The aluminium industry is expecting an 'economic dip' in 2020, according to the Gesamtverband der Aluminiumindustrie (GDA).
According to the GDA, the German aluminium industry saw restrictions in production in all areas in the first half of 2020, though it is expecting a slight recovery in the second half of the year.
Production of raw metal fell by more than 14%, with further processing and the production of semi-finished products each falling by more than 5%.

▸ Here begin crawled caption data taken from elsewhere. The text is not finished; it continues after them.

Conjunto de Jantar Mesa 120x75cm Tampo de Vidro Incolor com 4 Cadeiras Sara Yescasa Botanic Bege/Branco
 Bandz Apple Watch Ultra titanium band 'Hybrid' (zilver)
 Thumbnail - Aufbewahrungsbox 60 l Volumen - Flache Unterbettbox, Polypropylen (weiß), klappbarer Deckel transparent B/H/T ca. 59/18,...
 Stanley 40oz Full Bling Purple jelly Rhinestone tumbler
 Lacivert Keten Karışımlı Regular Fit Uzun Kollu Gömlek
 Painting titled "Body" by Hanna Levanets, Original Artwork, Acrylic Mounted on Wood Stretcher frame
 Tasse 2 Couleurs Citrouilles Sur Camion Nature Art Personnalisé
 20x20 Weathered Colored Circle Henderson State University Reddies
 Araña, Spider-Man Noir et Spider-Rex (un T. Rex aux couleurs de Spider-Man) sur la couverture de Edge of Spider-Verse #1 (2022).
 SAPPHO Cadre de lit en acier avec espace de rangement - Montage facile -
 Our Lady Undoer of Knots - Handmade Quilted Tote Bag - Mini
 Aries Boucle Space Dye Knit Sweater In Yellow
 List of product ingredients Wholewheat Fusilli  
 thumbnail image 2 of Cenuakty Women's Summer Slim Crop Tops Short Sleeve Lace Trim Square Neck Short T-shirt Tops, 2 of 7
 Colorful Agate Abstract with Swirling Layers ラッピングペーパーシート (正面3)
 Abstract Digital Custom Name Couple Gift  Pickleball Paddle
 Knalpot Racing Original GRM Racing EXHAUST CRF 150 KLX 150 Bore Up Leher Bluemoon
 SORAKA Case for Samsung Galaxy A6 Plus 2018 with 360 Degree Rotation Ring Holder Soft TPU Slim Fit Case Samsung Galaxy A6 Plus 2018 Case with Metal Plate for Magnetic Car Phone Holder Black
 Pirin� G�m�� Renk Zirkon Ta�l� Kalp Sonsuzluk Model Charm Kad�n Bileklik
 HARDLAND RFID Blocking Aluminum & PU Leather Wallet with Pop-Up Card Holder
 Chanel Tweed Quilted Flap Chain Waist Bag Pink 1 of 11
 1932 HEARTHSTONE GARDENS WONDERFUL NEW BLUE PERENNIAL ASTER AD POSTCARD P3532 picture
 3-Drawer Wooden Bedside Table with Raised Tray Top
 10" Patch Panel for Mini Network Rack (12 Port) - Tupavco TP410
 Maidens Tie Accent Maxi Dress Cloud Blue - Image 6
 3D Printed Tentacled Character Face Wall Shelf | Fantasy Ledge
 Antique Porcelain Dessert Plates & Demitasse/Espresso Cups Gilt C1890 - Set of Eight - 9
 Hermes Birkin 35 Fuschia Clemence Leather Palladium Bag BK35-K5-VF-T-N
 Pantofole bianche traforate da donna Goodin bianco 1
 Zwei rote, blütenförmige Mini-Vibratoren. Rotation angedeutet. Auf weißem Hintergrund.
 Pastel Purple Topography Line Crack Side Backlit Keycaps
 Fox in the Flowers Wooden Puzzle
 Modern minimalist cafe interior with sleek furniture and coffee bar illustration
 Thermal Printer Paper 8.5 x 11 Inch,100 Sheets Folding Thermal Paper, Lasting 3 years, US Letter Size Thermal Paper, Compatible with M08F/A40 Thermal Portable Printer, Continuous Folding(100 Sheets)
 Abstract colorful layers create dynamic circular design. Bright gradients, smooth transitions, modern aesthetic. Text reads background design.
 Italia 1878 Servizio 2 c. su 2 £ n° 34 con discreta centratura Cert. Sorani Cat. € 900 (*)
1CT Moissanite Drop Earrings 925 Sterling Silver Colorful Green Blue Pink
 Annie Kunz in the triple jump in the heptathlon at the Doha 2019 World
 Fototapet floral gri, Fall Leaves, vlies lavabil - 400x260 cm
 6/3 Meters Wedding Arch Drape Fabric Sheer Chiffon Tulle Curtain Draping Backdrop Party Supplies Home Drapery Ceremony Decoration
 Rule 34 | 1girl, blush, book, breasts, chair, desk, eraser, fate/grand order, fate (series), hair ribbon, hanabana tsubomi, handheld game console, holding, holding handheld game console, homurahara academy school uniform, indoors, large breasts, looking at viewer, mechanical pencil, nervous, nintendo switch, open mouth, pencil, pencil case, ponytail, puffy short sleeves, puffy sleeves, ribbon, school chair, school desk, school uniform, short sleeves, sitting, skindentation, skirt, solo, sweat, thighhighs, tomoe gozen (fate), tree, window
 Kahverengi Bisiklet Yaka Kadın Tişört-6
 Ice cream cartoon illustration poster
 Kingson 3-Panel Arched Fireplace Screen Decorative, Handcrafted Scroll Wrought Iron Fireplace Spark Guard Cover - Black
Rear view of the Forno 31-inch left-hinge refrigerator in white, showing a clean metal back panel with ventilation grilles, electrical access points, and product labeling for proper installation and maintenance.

GDA’s managing director Marius Baader, commented (in a statement translated from German): “The COVID-19 crisis tore deep holes in the balance sheet for the first half of the year. Our member survey, which we carried out at the end of Q2 2020, shows the immense effects and force of the coronavirus pandemic.
“With a share of 92%, the lack of orders is the most significant production hindrance. This slump is, of course, also noticeable in our call-off and production figures.”
The organisation said many customer industries, especially the aviation and automotive sectors, posted a ‘sharp drop’ in sales. Many of its member companies also had to reduce their production quickly, or even halt production temporarily.
“The federal government quickly put together aid packages for companies,” added Baader. “The speed of reaction helped the company a lot at the beginning of the crisis.”
The outlook for the second half of the year is somewhat more positive, according to the GDA. While GDA members anticipate a slightly recovery in the second half of 2020, the production volume of 2019 “will remain out of reach”.
“We are very concerned about the growing trade conflict between Europe and China,” said Andreas Postler, head of economics and trade policy.
“China has built up an enormous amount of overcapacity in recent years. Significant parts of this are entering the EU. That is why the EU launched an anti-dumping investigation into aluminium extrusion products originating in China in February.
“Additionally, there is a new study of certain aluminium rolled products, which make up the largest part of aluminium imports.
“China, too, must abide by the global rules of free and fair trade. We therefore welcome the review of the behaviour of the Chinese aluminium industry.”
Baader concluded: “The demand for aluminium will continue to grow globally and demand in Germany is consistently high. The material offers innovative solutions for the questions of the time. Germany, as a location, is highly competitive and powerful – this is largely due to the high innovation potential and technical competence of the employees.”